Kristian Trajceski

Personal information
- Full name: Kristian Steve Trajceski
- Date of birth: 15 November 1998 (age 27)
- Place of birth: Wollert Australia
- Height: 1.74 m (5 ft 9 in)
- Position: Attacking midfielder

Team information
- Current team: Avondale FC
- Number: 23

Youth career
- Lalor United Sloga F.C
- Epping City SC
- Whittlesea Ranges FC
- -2017: Hume City FC

Senior career*
- Years: Team / Apps / (Gls)
- 2015–2017: Hume City FC / 27 / (3)
- 2017: Avondale FC / 17 / (1)
- 2017–2018: G.D. Gafanha / 16 / (3)
- 2018–2020: Oliveira do Hospital / 46 / (3)
- 2021–: Avondale FC / 89 / (21)

International career^{‡}
- 2018: Macedonia U-21 / 5 / (0)

= Kristian Trajceski =

South Sudanese footballer (born 2000)

Kristian Trajceski (Кристиан Трајчески, (born 15 November 1998)) is a Macedonian–Australian professional association football player, who currently plays for Avondale FC in the National Premier Leagues Victoria. He has represented the Republic of Macedonia at U-21s level.

==Club career==
===Early career===
Trajceski broke through into the Hume City FC senior squad at just 17, having come through the ranks of a handful of local Victorian clubs. Despite being one of the youngest players in the squad, he made 22 appearances in the league. His performances earned him a spot in the PS4 Player Pathway Award, judged by former Socceroos players including John Kosmina, Ante Milicic, Robert Stanton and Craig Foster. Trajceski would go on to win the award, earning him a 2-week trial with A-League Men club Sydney FC.

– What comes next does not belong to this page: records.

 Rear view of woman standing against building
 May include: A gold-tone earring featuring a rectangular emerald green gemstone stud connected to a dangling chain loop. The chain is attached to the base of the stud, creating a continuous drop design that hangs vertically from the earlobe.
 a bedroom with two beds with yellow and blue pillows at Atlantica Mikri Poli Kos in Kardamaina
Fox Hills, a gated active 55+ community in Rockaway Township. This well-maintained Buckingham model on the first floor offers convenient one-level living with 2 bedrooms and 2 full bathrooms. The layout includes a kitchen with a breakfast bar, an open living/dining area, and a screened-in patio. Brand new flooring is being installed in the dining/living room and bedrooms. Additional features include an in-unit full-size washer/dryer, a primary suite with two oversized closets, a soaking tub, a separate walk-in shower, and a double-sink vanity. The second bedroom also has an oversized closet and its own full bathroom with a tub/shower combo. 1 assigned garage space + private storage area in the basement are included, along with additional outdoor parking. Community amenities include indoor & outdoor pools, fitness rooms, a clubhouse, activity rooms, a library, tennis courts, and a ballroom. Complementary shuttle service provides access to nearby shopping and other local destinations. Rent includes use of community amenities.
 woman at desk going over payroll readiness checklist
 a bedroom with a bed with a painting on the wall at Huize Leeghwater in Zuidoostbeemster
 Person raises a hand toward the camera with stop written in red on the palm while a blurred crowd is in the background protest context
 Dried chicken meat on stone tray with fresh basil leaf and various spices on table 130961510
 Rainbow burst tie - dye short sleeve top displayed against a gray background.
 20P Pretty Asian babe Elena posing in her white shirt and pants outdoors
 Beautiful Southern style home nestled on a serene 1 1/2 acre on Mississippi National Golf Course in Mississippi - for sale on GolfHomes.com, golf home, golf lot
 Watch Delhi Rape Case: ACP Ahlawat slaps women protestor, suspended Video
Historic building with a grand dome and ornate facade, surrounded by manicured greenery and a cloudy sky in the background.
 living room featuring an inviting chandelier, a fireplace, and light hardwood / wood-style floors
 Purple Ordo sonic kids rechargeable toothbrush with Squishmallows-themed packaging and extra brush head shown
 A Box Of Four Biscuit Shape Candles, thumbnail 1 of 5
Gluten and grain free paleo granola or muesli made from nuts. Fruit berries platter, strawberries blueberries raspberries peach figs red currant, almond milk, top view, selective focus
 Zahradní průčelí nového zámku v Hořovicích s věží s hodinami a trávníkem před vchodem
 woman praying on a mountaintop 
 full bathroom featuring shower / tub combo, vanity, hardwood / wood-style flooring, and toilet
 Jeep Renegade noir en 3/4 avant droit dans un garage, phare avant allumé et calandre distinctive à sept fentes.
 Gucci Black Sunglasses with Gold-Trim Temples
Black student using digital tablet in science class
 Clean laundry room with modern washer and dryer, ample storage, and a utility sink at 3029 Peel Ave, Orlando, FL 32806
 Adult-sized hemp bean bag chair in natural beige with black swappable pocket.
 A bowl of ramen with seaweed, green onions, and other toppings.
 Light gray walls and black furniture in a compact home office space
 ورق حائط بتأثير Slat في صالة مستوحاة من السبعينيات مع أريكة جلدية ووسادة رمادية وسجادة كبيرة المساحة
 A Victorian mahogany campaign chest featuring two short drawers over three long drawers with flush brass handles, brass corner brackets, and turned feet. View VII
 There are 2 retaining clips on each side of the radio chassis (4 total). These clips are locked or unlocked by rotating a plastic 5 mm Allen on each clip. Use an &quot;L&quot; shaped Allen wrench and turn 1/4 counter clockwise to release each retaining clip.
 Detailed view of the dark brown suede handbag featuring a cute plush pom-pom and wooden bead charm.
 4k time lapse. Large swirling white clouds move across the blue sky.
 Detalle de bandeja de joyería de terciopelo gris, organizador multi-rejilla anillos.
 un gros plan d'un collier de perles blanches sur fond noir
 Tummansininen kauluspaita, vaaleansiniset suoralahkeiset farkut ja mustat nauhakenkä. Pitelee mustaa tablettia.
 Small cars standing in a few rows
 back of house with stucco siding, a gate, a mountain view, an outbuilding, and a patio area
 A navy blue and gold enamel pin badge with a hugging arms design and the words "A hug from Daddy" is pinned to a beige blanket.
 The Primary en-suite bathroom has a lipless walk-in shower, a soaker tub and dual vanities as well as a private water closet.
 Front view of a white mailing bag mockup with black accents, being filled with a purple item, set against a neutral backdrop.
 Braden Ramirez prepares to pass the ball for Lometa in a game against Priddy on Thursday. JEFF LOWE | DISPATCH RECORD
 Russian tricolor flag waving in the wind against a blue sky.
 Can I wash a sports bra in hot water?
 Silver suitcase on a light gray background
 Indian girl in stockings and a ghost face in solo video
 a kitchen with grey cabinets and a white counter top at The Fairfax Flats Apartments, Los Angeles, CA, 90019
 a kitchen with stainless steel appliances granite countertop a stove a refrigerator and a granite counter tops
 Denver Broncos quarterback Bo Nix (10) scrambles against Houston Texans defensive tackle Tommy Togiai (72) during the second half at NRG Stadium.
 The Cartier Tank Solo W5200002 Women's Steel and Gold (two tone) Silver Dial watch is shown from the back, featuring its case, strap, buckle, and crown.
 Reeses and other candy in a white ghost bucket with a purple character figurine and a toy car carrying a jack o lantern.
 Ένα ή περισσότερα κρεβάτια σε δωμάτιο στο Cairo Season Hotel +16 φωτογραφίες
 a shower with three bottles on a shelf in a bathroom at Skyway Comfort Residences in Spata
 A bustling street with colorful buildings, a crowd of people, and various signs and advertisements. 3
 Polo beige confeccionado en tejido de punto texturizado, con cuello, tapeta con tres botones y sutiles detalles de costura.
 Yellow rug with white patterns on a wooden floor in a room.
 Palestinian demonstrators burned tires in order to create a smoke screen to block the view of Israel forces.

Despite proving himself well at Sydney FC, and being offered a spot in the Academy and A-League Youth team, Trajceski rejected the offer of his first professional contract, citing he had aspirations of playing professionally abroad in Europe.

===European ambitions===

To follow his aspirations of playing professionally in Europe, Trajceski moved to Portugal and signed with G.D. Gafanha in the Campeonato de Portugal. Following a successful season, in which he made sixteen appearances and earned a call-up to the Macedonia U-21s, he moved to F.C. Oliveira do Hospital, alongside fellow Australian Danny Choi.

===Return to Australia===
After almost 4 years in Portugal, Trajceski returned to Australia, signing with his former club Avondale FC in the Victorian NPL helping the club to win the Dockerty Cup later that season, and the 2023 National Premier Leagues Victoria Championship.

During the 2024 season, Trajceski broke his ankle badly in a match against Dandenong Thunder when former Central Coast Mariners player Jordan Smylie performed a dangerous Sliding tackle on Trajceski mid-way through the first half. The tackle earned Smylie a direct red card, and was later handed a 9-match suspension by Football Federation Victoria which was considered to be one of the heaviest suspensions in the leagues history.

==International career==
Whilst playing in Portugal, Trajeceski was called up to the Macedonia U-21s for the 2019 UEFA European Under-21 Championship qualifications.